= Data =
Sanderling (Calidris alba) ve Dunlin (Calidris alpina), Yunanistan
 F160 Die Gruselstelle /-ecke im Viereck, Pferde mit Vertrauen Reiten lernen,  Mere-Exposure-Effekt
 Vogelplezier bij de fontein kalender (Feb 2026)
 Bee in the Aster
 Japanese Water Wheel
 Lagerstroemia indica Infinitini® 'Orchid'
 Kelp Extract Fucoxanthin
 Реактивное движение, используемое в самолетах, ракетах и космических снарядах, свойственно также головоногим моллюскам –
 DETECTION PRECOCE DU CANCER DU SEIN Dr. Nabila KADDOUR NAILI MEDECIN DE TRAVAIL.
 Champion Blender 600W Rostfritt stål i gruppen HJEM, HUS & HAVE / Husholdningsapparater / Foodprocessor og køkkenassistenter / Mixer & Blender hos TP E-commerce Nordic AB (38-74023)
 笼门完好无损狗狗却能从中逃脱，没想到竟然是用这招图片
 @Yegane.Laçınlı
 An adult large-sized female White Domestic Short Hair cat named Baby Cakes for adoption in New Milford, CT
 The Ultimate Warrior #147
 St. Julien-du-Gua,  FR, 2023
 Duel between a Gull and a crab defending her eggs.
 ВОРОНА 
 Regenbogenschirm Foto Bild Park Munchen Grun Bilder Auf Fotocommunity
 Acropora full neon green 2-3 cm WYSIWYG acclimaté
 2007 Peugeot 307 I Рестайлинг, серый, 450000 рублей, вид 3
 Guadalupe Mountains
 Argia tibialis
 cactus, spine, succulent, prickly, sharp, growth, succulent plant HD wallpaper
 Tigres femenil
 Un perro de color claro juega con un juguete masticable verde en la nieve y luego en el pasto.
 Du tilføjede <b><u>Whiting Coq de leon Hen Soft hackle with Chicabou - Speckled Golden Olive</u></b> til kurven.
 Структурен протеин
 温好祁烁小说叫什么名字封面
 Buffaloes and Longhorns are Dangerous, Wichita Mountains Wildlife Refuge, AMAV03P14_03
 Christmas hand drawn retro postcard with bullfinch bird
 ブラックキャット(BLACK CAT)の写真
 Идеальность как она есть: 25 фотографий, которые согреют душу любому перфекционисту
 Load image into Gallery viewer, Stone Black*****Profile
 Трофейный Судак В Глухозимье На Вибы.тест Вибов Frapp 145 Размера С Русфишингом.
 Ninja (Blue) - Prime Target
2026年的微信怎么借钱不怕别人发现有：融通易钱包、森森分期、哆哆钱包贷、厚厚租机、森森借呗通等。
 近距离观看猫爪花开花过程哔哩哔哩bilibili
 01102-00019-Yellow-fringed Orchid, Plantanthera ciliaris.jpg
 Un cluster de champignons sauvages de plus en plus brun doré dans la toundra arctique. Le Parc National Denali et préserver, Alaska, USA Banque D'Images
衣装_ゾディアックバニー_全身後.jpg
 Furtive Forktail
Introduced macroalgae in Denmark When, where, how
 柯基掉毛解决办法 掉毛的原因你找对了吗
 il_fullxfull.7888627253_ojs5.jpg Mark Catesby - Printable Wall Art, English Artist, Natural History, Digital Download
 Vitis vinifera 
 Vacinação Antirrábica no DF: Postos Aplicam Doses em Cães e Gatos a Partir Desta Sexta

= What you have to do =
Reproduce the line that contains "近距离观看猫爪花开花过程哔哩哔哩bilibili" and each line after it through the last line of the entries above, exactly; leave out all earlier lines.

= Exercise output =
 近距离观看猫爪花开花过程哔哩哔哩bilibili
 01102-00019-Yellow-fringed Orchid, Plantanthera ciliaris.jpg
 Un cluster de champignons sauvages de plus en plus brun doré dans la toundra arctique. Le Parc National Denali et préserver, Alaska, USA Banque D'Images
衣装_ゾディアックバニー_全身後.jpg
 Furtive Forktail
Introduced macroalgae in Denmark When, where, how
 柯基掉毛解决办法 掉毛的原因你找对了吗
 il_fullxfull.7888627253_ojs5.jpg Mark Catesby - Printable Wall Art, English Artist, Natural History, Digital Download
 Vitis vinifera 
 Vacinação Antirrábica no DF: Postos Aplicam Doses em Cães e Gatos a Partir Desta Sexta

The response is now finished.